From the entries that follow, reproduce exactly and only the lines from the line with "Hand holding hertility test" to the line with "Modern Narrow Frame", endpoints included.
INPUT section start
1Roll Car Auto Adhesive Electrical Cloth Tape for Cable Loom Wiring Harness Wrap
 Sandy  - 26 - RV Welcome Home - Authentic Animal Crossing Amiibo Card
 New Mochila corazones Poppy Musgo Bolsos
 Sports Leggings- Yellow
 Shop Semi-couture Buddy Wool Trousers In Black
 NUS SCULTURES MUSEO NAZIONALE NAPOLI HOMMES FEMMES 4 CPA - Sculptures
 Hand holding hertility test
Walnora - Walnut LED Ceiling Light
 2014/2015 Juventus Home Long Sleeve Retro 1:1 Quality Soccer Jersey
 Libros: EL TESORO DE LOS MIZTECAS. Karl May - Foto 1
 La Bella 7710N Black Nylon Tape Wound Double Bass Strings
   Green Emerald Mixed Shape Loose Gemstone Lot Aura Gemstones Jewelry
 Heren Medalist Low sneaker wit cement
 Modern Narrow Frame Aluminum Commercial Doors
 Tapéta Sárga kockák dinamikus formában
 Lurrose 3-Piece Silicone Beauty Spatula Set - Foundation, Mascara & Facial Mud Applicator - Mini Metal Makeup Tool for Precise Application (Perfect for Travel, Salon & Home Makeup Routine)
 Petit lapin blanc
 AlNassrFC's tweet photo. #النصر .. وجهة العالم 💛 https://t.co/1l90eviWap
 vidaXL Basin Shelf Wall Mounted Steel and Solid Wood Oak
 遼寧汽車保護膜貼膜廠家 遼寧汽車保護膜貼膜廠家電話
INPUT section end
## ANSWER FOR THE TASK
 Hand holding hertility test
Walnora - Walnut LED Ceiling Light
 2014/2015 Juventus Home Long Sleeve Retro 1:1 Quality Soccer Jersey
 Libros: EL TESORO DE LOS MIZTECAS. Karl May - Foto 1
 La Bella 7710N Black Nylon Tape Wound Double Bass Strings
   Green Emerald Mixed Shape Loose Gemstone Lot Aura Gemstones Jewelry
 Heren Medalist Low sneaker wit cement
 Modern Narrow Frame Aluminum Commercial Doors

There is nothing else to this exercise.